Studio album by ohGr
- Released: July 1, 2003
- Genre: Post-industrial, electro-industrial
- Length: 49:08
- Label: Spitfire
- Producer: Mark Walk; Ogre;

OhGr chronology
| Welt (2001) | SunnyPsyOp (2003) | Devils in my Details (2008) |

= SunnyPsyOp =

SunnyPsyOp (2003) is the second studio album by industrial band ohGr.

Professional ratings
Review scores
| Source | Rating |
| AllMusic |  |

==Track listing==
All songs written by Ogre and Mark Walk.

Note: "PawSee" is a hidden track that begins 23 seconds into track 13.

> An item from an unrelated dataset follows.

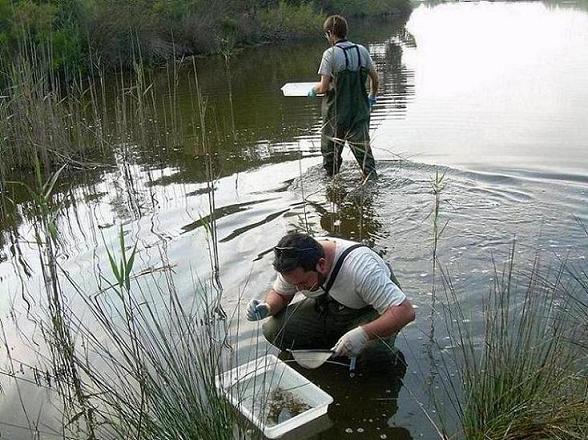 Imagen de Muestreo de macroinvertebrados en la mallada del Racó de l'Olla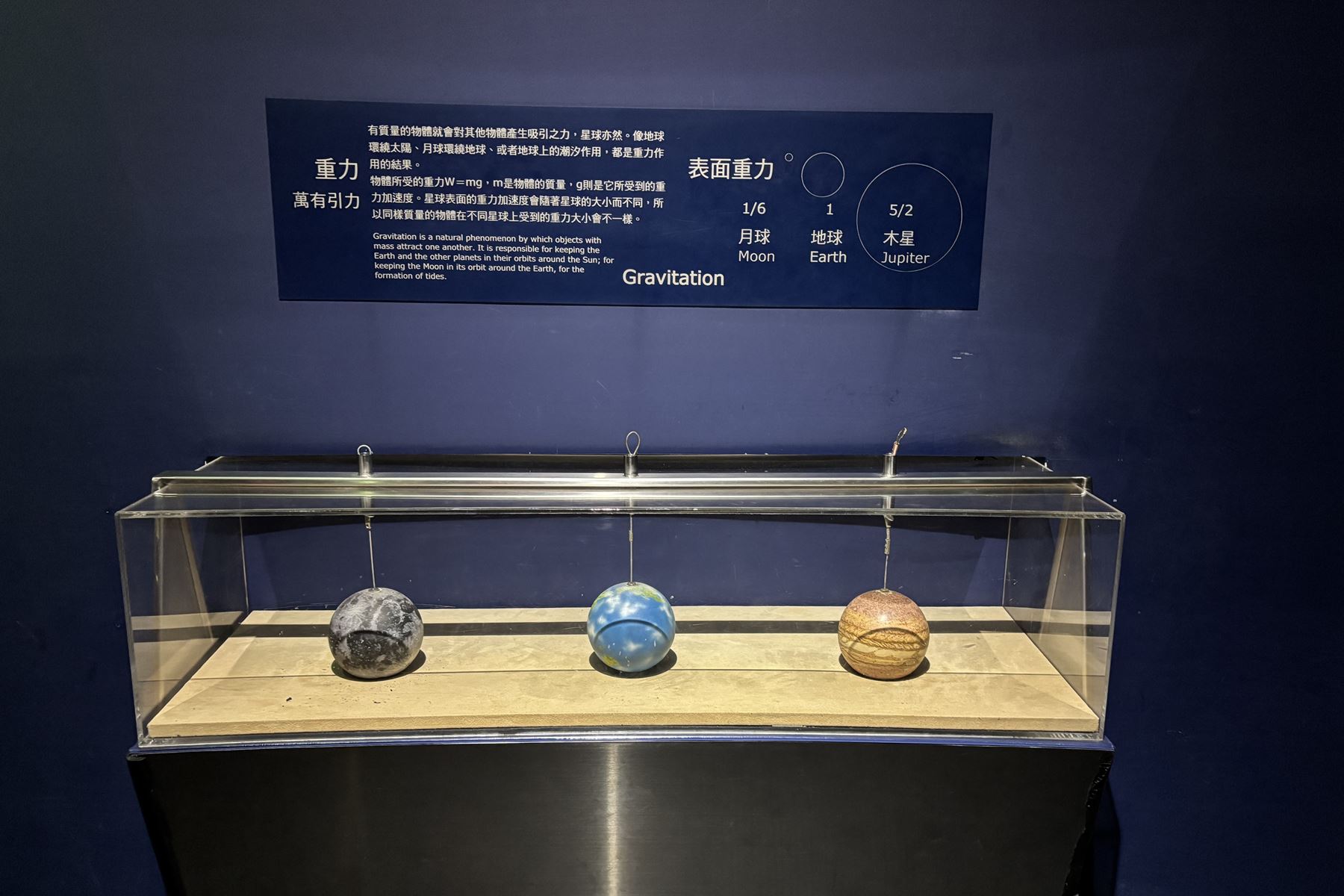 40 國立自然科學博物館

This is an Enhanced CD, it includes a video for the song "maJiK".

| No. | Title | Length |
|---|---|---|
| 1. | "HiLO" | 4:56 |
| 2. | "maJiK" | 3:41 |
| 3. | "JaKO" | 3:55 |
| 4. | "ChemTale" | 4:27 |
| 5. | "WaTergaTe" | 3:29 |
| 6. | "DoG" | 4:26 |
| 7. | "iOvNoW" | 7:16 |
| 8. | "ShiTe" | 3:54 |
| 9. | "SunBurn" | 4:10 |
| 10. | "EnDai" | 3:40 |
| 11. | "Untitled" | 0:04 |
| 12. | "Untitled" | 0:04 |
| 13. | "PawSee" | 5:06 |
| Total length: |  | 49:08 |

==Personnel==
- Ogre
- Mark Walk
- Scott Crane – Additional programming
- Loki der Quaeler – Additional keyboards
- Camille Rose Garcia – Cover artwork

==Notes==
- An endai is a small bench in a Japanese Garden.
- The video for "maJiK" features stop motion animation and the following phrase written in a book near the beginning of the video: "Very Soon/Forever More/The Way to Be/Will Be Attached/Forever Matched/Through What U See". This is most likely a reference to commercialism's grip on pop culture as the video also features parodies of several popular brand logos including GAP, Nike, General Electric and Starbucks.